### WHAT IS REQUIRED
If a line in the records contains the string "Clock", show that line.

Extracted records:
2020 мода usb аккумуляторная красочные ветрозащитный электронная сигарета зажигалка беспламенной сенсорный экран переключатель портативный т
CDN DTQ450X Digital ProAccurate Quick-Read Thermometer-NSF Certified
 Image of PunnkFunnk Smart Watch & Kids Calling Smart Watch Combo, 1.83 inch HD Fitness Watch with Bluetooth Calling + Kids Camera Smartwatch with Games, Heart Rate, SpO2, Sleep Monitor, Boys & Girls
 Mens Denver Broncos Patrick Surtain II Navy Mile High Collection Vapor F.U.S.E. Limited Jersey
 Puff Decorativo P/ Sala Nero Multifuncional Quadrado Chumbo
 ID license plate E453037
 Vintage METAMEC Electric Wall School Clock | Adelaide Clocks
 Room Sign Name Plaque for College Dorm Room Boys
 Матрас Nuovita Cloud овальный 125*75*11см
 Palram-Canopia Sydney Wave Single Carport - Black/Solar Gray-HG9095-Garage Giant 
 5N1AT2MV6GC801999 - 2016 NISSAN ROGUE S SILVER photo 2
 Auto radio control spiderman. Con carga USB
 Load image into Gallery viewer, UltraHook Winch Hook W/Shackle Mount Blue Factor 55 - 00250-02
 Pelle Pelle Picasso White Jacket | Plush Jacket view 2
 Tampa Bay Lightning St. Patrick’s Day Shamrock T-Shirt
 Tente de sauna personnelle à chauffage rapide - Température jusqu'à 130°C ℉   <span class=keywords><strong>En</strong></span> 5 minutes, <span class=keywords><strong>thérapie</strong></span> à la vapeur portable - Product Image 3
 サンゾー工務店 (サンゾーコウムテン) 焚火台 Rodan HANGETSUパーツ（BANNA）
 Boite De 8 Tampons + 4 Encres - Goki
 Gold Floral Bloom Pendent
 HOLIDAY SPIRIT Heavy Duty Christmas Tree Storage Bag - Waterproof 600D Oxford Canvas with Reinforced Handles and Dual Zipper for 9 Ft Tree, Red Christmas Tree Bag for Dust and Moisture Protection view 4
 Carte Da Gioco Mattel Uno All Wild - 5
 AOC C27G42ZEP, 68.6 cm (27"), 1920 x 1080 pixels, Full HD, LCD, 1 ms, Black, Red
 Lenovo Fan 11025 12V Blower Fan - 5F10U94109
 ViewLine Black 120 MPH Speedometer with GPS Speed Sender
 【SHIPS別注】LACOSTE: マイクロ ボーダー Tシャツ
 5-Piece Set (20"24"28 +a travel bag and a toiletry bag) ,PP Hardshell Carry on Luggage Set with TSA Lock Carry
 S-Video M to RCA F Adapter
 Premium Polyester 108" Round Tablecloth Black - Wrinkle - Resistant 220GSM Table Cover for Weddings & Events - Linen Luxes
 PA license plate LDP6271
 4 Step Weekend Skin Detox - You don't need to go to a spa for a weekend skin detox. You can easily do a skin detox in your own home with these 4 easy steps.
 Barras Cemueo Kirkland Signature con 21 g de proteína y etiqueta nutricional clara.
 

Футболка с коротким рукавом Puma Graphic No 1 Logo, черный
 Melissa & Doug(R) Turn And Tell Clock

### ANSWER FOR THIS EXERCISE
 Vintage METAMEC Electric Wall School Clock | Adelaide Clocks
 Melissa & Doug(R) Turn And Tell Clock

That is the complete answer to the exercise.